# Guess what I've got?



## Chile Chef (Dec 26, 2009)

I've got enough christmas money, I can buy my masterbult smokeshouse 30 in smoker which I did. 


I should have it in a few day's and I have a few questions?

1.Can I use 2 to 3 different kind of wood in the smoker at the same time?

2.Can I also use burbon instead of water in the woodchip dish?

3.How long do you smoke green/red peppers / or all chilies peppers?

4.Can you smoke deli cheese, meats, if they're normal deli cheeses & meats?


----------



## Wyogal (Dec 26, 2009)

Here are some recipes from their website. 
Masterbuilt Turkey Fryer (it says turkey fryer, but it is using their smoker)
I don't know why one would want to smoke deli meats. They are more expensive to begin with, and you risk drying them out just to get a little smoke taste. I would start from scratch and make my own "deli" meats, using fresh meat or home made sausage. I think it would be more cost efficient and taste better. (and have less sodium)
I would also not mix a whole ot of different wood, the point would be to use  a particular wood for that particular flavor. Maybe mix two woods, but I wouldn't do three different kinds.
I would think that using bourbon could be dangerous in an electric smoke. I think it could be flammable. But, i could be wrong on that one.


----------



## Chile Chef (Dec 26, 2009)

Thank you Wyogal, The smoker I've purchased has a place where you can add liquid to it, so you can smoke the liquid and get that flavor if you wanted too. 

And I think you could be right about mixing woods. Oh yes before I forget, Thank you for the link to the main website.

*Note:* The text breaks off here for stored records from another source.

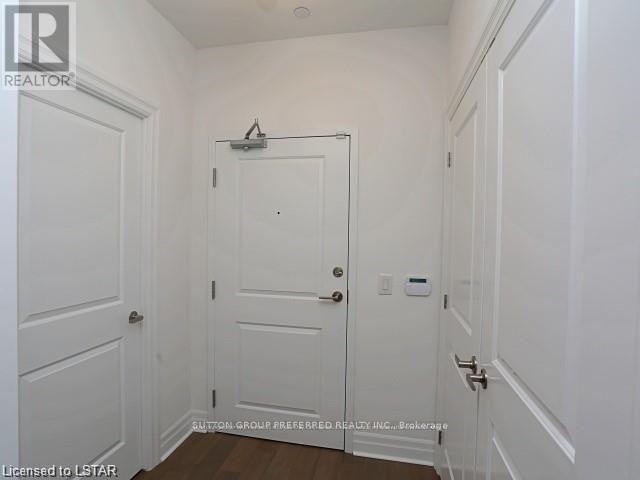111 - 1200 Commissioners Road W, London South, Ontario  N6K 0J7 - Photo 5 - X12537928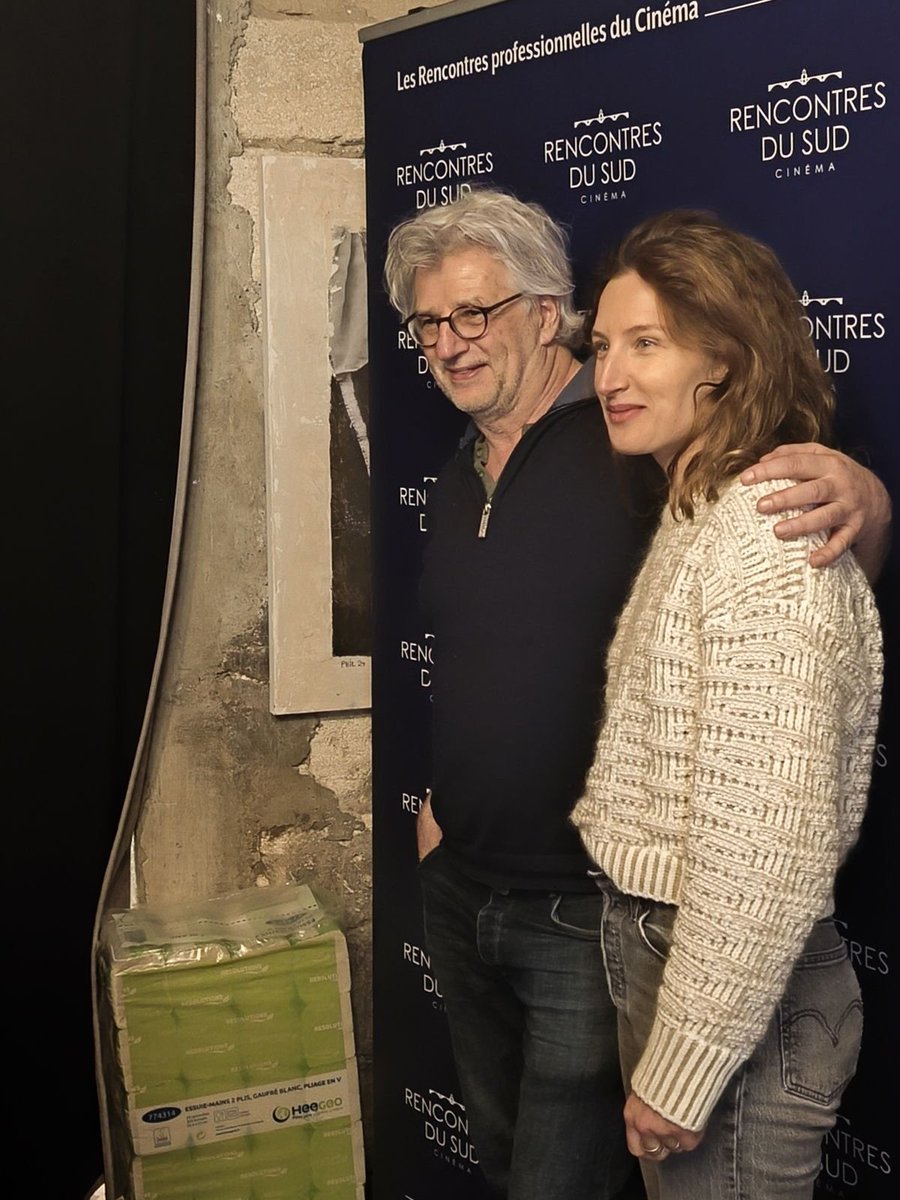 blog_bazart's tweet image. Julia Piaton est à la fois authentique et sensible dans Le mélange des genres- retrouvez notre article sur le film ici.
Dans cette savoureuse comédie sociétale de Michel Leclerc, l'actrice y donne la réplique à Benjamin Lavernhe,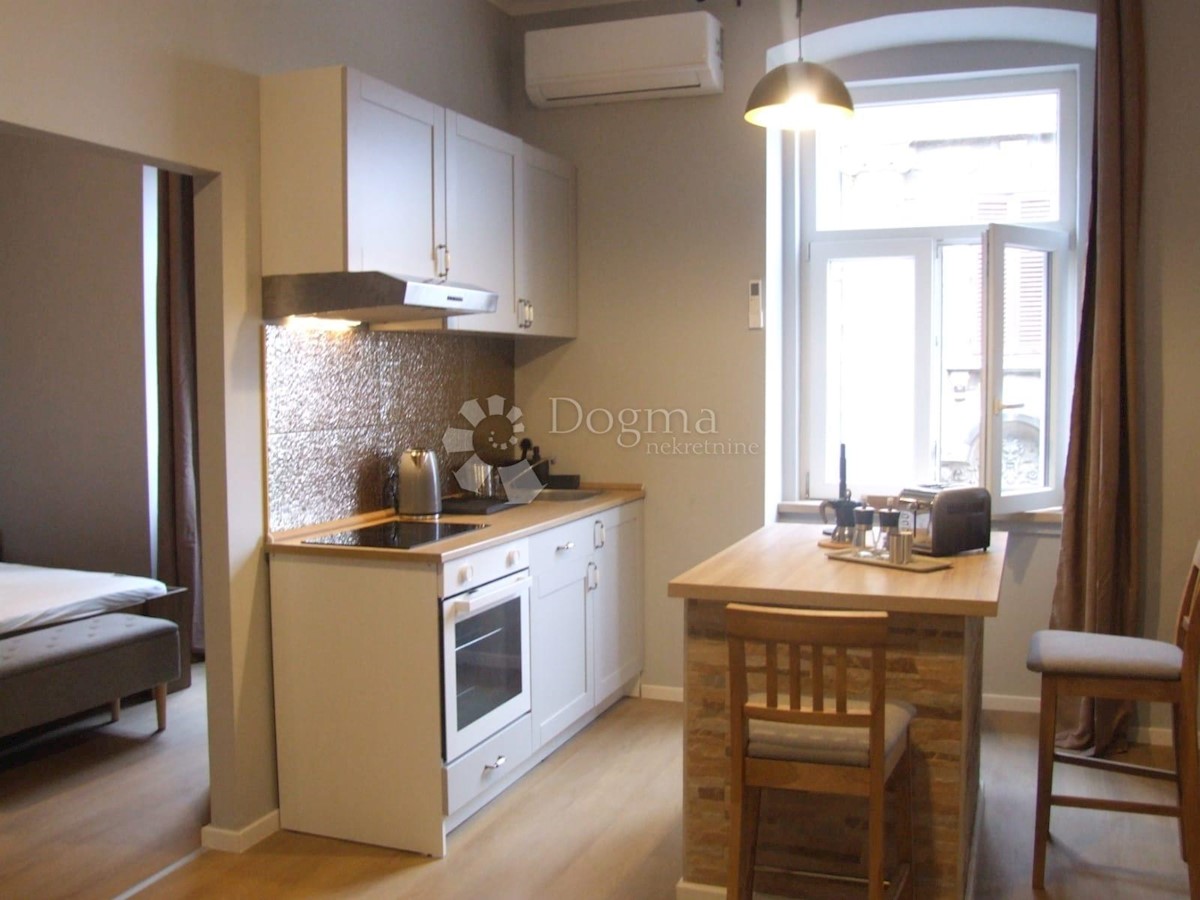 Allogio Centar, Rijeka, 88m2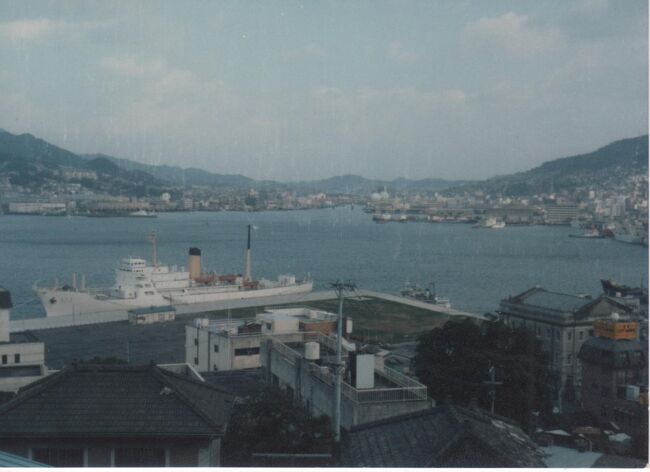 1985年の長崎の写真です。<br /><br />この時は、米国人夫婦を案内して北九州→阿蘇→長崎と電車で周遊したのですが、長崎到着後は別行動とし、私は一人で気ままに観光しました。<br /><br />この後、長崎から特急＆新幹線を乗り継いで東京まで帰りました。が、長時間の電車は疲れたので、飛行機で帰れば良かった、と反省した記憶があります。<br /><br />米国人夫妻は、多分、飛行機で東京or大阪？へ帰りました。<br /><br />私は英語が不得意なので、ツアーコンダクターは大変でした。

FYI, I've never smoked before that's why I've asked about the deli meats. And the only type of grilling I've ever done was on the gorge foreman, lol!


----------



## Wyogal (Dec 26, 2009)

Have fun! 
And seriously, I'd stay away from flammable liquid and try fresh meats. That way you can control the sodium, like not adding any salt. It will be much healthier for you than deli meat.


----------



## Chile Chef (Dec 26, 2009)

Wyogal said:


> Have fun!
> And seriously, I'd stay away from flammable liquid and try fresh meats. That way you can control the sodium, like not adding any salt. It will be much healthier for you than deli meat.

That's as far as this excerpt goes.